Rating Rationale
September 28, 2018 | Mumbai
Mangalam Organics Limited
Rating outlook revised to 'Positive'
 
Rating Action
Total Bank Loan Facilities Rated Rs.77 Crore (Enhanced from Rs.55 Crore)
Long Term Rating CRISIL BBB+/Positive (Outlook revised from 'Stable' and rating reaffirmed)
Short Term Rating CRISIL A2 (Assigned)
1 crore = 10 million
Refer to annexure for Details of Instruments & Bank Facilities
Detailed Rationale

CRISIL has revised its outlook on the long-term bank facility of Mangalam Organics Ltd (MOL) to 'Positive' from 'Stable' while reaffirming the rating at 'CRISIL BBB+.CRISIL has also assigned its 'CRISIL A2' rating to te the short term bank facilities of MOL.
 
The outlook revision reflects sustained improvement in MOL's operating performance, backed by increase in revenue and profitability. Revenue and operating margin rose to Rs 87.71 crore and 19%, respectively, in the first quarter of fiscal 2019, from 38.3 crore and 11.4% during the same period the previous year.

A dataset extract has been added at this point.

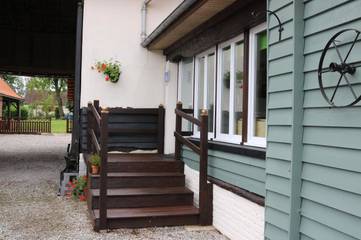 Gîte pour 4 personnes, avec jardin dans Canlers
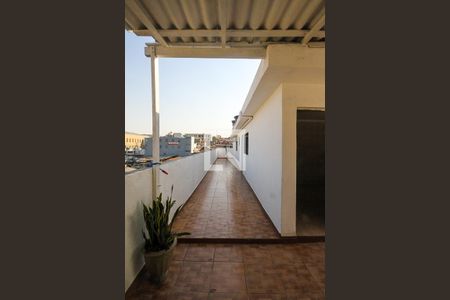 Casa à venda com 135m², 2 quartos e sem vagaQuintal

The performance could be attributed to significant improvement in realisation of camphor on account of the prevailing demand-supply situation. Although, the realisations are likely to moderate going forward, it should stay above past levels. Profitability should be better than historical levels going forward, driven by higher realisations compared with the hike in input prices and measures undertaken to improve operating efficiencies.
 
The ratings continue to reflect the extensive experience of MOL's promoters, and established market position in the camphor industry. The ratings also factor in a healthy financial risk profile. These strengths are partially offset by susceptibility to volatility in realisation and raw material prices, and intense competition from domestic manufacturers as well as imports from China.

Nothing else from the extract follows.